Nach dem Frühstück mache ich mich fertig für den Tag und gehe in mein Büro um die Arbeit von gestern fortzusetzen. Durch das frühe Aufstehen habe ich noch genügend Zeit bis ich in die Redaktion muss. Ich atme tief ein, gehe zum Schreibtisch und stehe minutenlang einfach nur da und starre auf die hölzerne Platte. Alles ist wieder da wo es vorher war. Bevor Alec mich packte und auf eine Reise mitnahm, die auch heute ein wohliges Kribbeln in meinen Lenden hervorruft. Allein der Gedanke an seine dominante Art sich das zu nehmen was er begehrte, mich zu wollen, bringt mein Blut in Wallung und lässt mich schwer atmen.

Nur langsam klärt sich mein Verstand. Ob ich hier je wieder arbeiten kann ohne die Bilder von uns in meinem Kopf? Ich weiß es nicht.
Es ist auch nicht der passende Moment dies zu ergründen. Die Rezension wartet auf ihre Fertigstellung und die mahnende Stimme meines Redakteurs geistert durch meinen Kopf. Es ist bereits Mittag als ich meinen Text speichere und die Email in die Redaktion schicke. Mental bereite ich mich auf eine lange Besprechung vor und fülle den Vorrat an Nervennahrung auf. Eine Tüte Lakritzschnecken wandert gemeinsam mit Laptop und Notizblock in meinen Rucksack.

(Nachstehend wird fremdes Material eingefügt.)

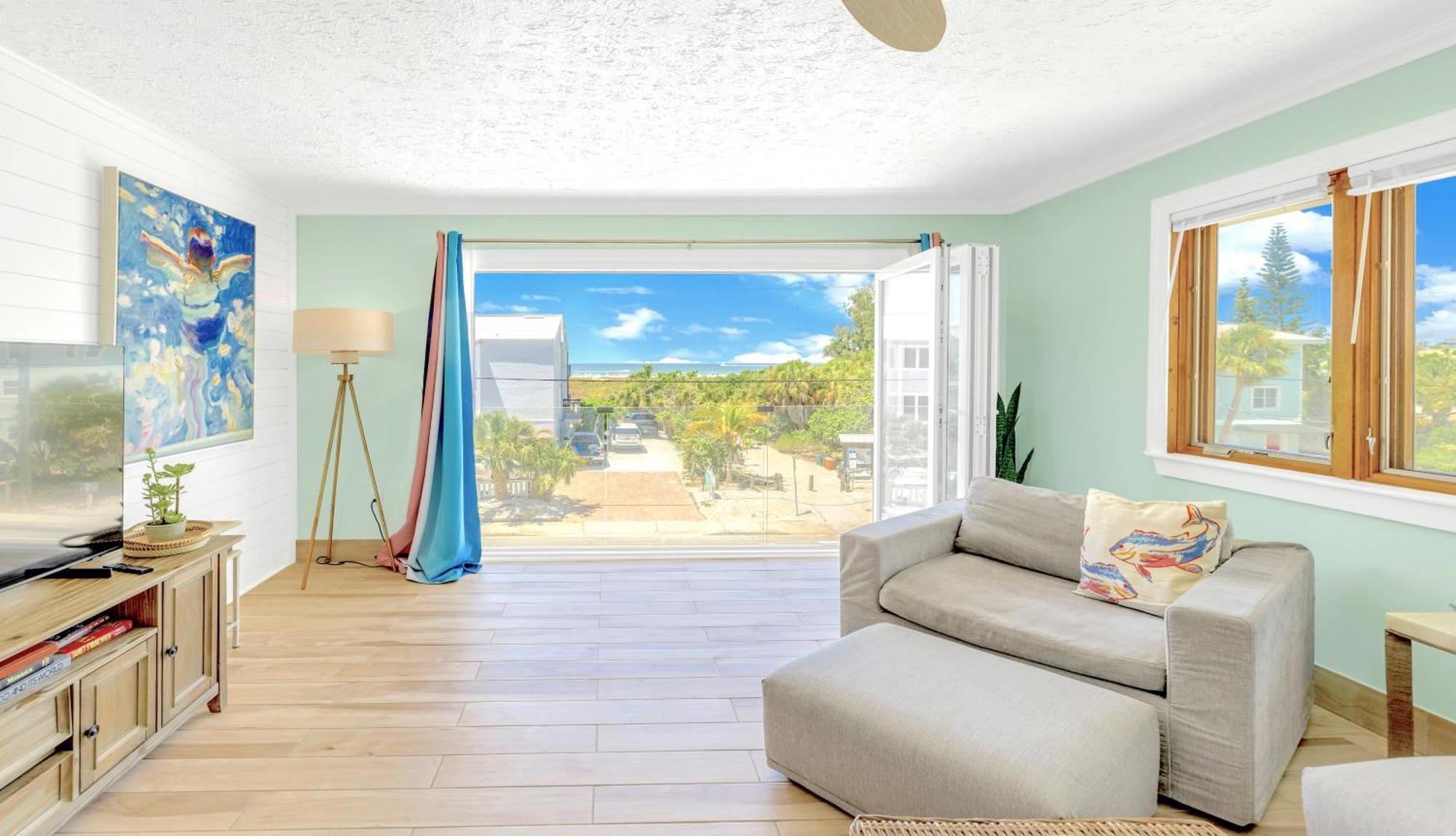Oceanview, In Village, 20-steps To Path Of Beach, Tiki-bar, Free Bikes And Paddle-boards! Apartment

Die Gedanken an Alec und das kommende Gespräch verdränge ich erfolgreich. Für mich gibt es da nichts zu besprechen. Ich betrachte es als das was es war. Ein Abenteuer, ein One-Night-Stand.
Die Redaktionsbesprechung zieht sich wie Kaugummi in die Länge. Mein Vorrat an Nervennahrung ist fast aufgebraucht, als ich endlich an der Reihe bin. Mr Wayland ist ein Herr mittleren Alters. Mit seinen grauen Haaren und der kleinen runden Brille sieht er immer aus wie der freundliche Opa von nebenan. Aber das äußere Erscheinungsbild täuscht.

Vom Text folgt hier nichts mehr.